Началась воздушная "карусель". Нам удалось расстроить боевой порядок "юнкерсов". Часть наших самолетов получила повреждения и вынуждена была уйти на свой аэродром. Противник, очевидно, по радио вызвал подмогу - истребителей. Смотрю и глазам не верю: кругом мелькают одни лишь кресты, а своих самолетов не вижу!

Невдалеке - маленькое облачко. Направляюсь к нему. Не успел как следует осмотреться - снова раздалась команда с земли:

- Ястребы, ястребы, приближается третья группа бомбардировщиков противника! Сбейте ведущего!

Высота три тысячи пятьсот метров. Еще раз внимательно всматриваюсь. Не так-то просто сбить ведущего!

Да, это настоящее крещение моего нового самолета.

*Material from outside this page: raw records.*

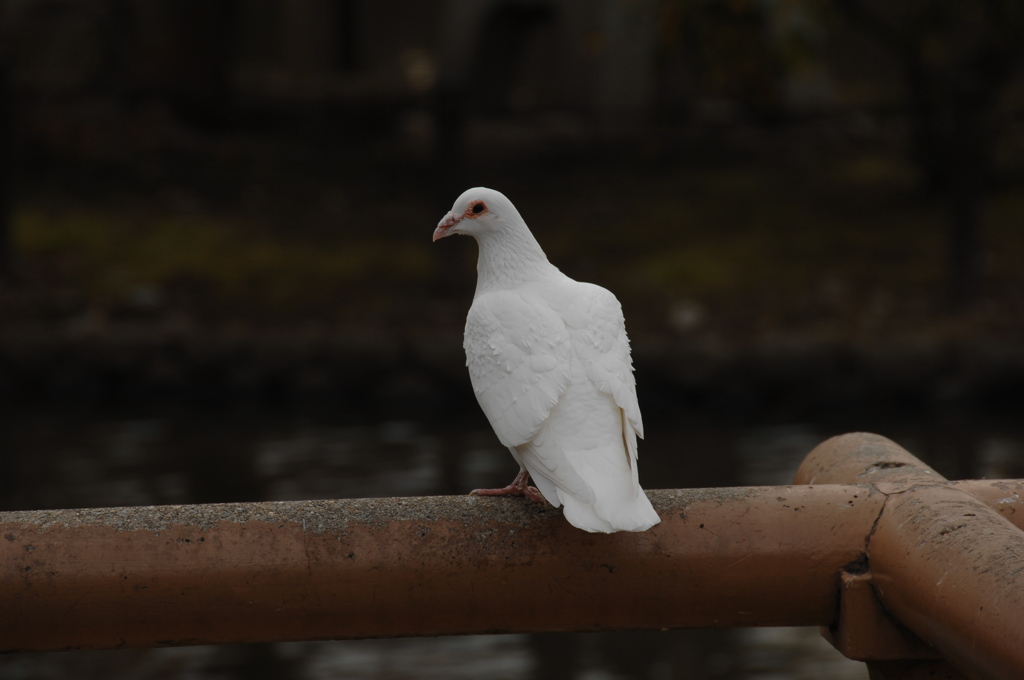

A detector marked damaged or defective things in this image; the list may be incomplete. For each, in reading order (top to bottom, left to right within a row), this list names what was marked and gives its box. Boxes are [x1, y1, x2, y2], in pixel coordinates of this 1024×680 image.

rusty brown pipe [2, 485, 880, 651]
rusty brown pipe [798, 432, 1024, 680]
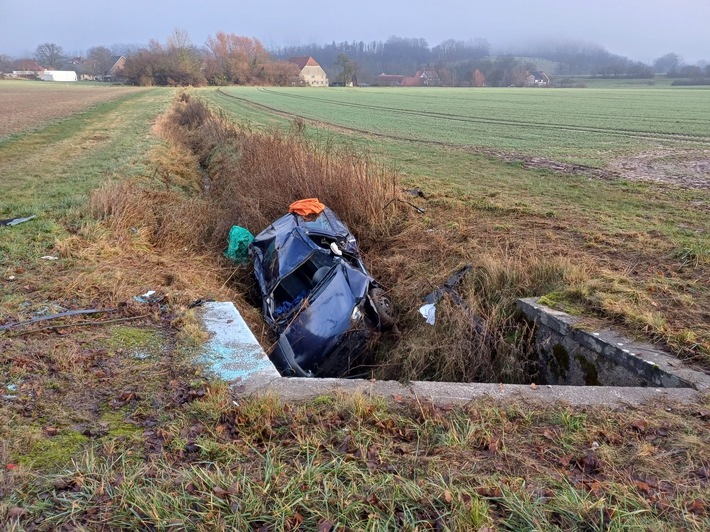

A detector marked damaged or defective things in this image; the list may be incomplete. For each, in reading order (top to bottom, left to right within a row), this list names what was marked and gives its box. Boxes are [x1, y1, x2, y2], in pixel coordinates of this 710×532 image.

crashed car [250, 200, 394, 378]
crumpled car body [250, 206, 394, 376]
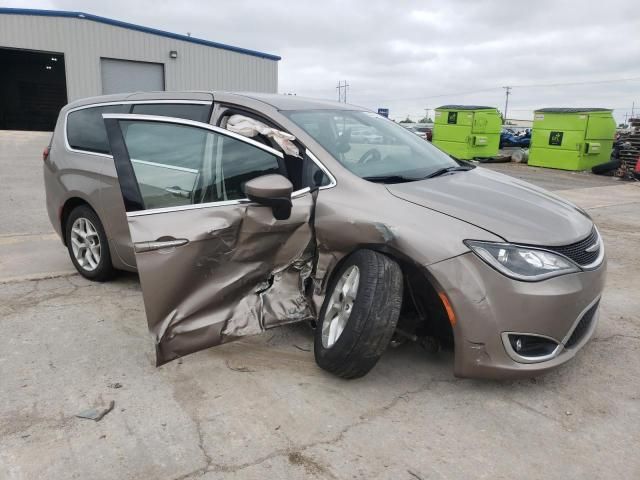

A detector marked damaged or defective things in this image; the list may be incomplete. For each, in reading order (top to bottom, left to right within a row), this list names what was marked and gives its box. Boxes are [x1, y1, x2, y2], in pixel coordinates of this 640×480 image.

crumpled door panel [130, 193, 318, 366]
crashed vehicle [43, 92, 604, 378]
damaged minivan [45, 92, 604, 378]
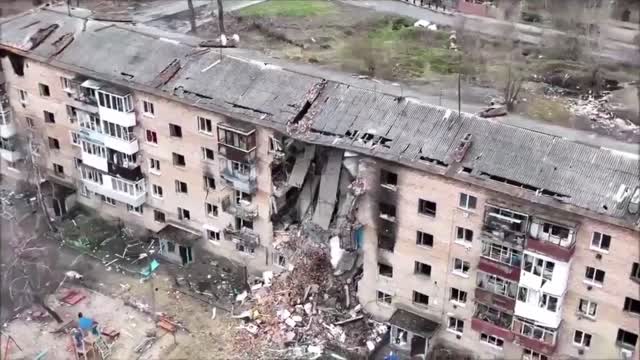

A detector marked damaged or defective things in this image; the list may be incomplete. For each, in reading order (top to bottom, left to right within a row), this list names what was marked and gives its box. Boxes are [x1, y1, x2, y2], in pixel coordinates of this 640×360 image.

damaged balcony [222, 194, 258, 219]
damaged balcony [480, 205, 528, 248]
damaged balcony [528, 217, 576, 262]
damaged balcony [480, 240, 520, 282]
damaged balcony [476, 272, 520, 310]
damaged balcony [470, 302, 516, 342]
damaged balcony [510, 318, 560, 354]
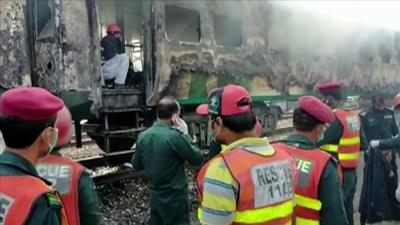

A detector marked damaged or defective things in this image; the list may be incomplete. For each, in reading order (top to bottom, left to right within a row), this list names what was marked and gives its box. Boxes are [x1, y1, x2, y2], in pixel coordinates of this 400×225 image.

burned train car [0, 0, 400, 151]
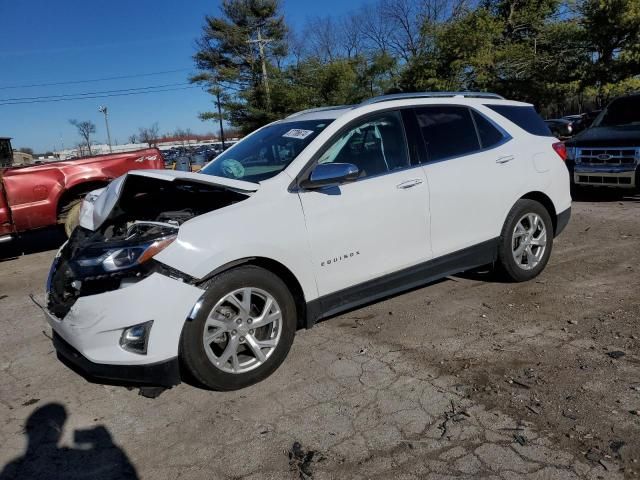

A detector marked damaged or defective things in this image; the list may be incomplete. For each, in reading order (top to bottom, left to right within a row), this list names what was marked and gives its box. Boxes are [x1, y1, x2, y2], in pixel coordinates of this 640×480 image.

cracked headlight [76, 235, 176, 272]
damaged hood [80, 169, 258, 231]
wrecked vehicle [47, 91, 572, 390]
front bumper damage [45, 262, 202, 386]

Приказ всегда выполняется немедленно, а сейчас тем более нельзя медлить. Передаю по радио:

- Понял вас. Иду в атаку.

Маскируясь маленьким облачком, иду навстречу противнику. Отчетливо вижу ведущего. Немцы, видимо, принимают меня за своего. Но не успел я открыть огонь, как мимо меня полетели десятки трасс. Бью ведущего в упор. Он нырнул под мой самолет и пошел вниз. Очевидно, сбил его. Меня окружили вражеские самолеты.

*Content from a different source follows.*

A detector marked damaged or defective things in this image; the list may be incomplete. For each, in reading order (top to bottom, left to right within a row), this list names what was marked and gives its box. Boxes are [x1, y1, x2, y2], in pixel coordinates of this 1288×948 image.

Обстановка напряженная, нет времени осмотреться. Знаю: если отверну, меня немедленно расстреляют с бомбардировщиков. Поэтому решил идти на встречных курсах. Нацелился, проскочил сквозь строй "юнкерсов" и развернулся на свою территорию. И тут на меня "навалились" три вражеских истребителя. Гибель почти неминуема. На какую-то долю секунды я растерялся. Стало тихо. Только рокот мотора подбадривал меня. "Нет, не дамся, вырвусь!" - приказываю себе и начинаю стремительно перекидывать свой послушный самолет из стороны в сторону.

Ведущий вражеской тройки яростно обстреливает меня, а двое сверху прикрывают его действия.

Теперь все зависит от моей силы и выносливости. Кто окажется выносливее - враг или я? Очевидно, силы немца были на исходе. Мне тоже приходилось нелегко. Но я еще мог продержаться.

Огненные трассы уже не долетают до меня. Выжимаю из самолета все, что он может дать. Вряд ли немцу удастся теперь сбить меня. Но неприятно, когда на "хвосте" у тебя "висит" враг.

Начинаю еще стремительнее бросать самолет из стороны в сторону. И вдруг немцы поворачивают назад. Они, видимо, растратили все боеприпасы. Наконец-то я один в воздухе!

Кричу по радио:

- Орлы, соберитесь! Нахожусь в районе сбора!

Не узнаю своего голоса - в горле так пересохло, что я уже не кричу, а хриплю. Волнуюсь за ребят. Горючего у меня в обрез, и я "впритирку" иду на посадку. Домой вернулись и все мои товарищи.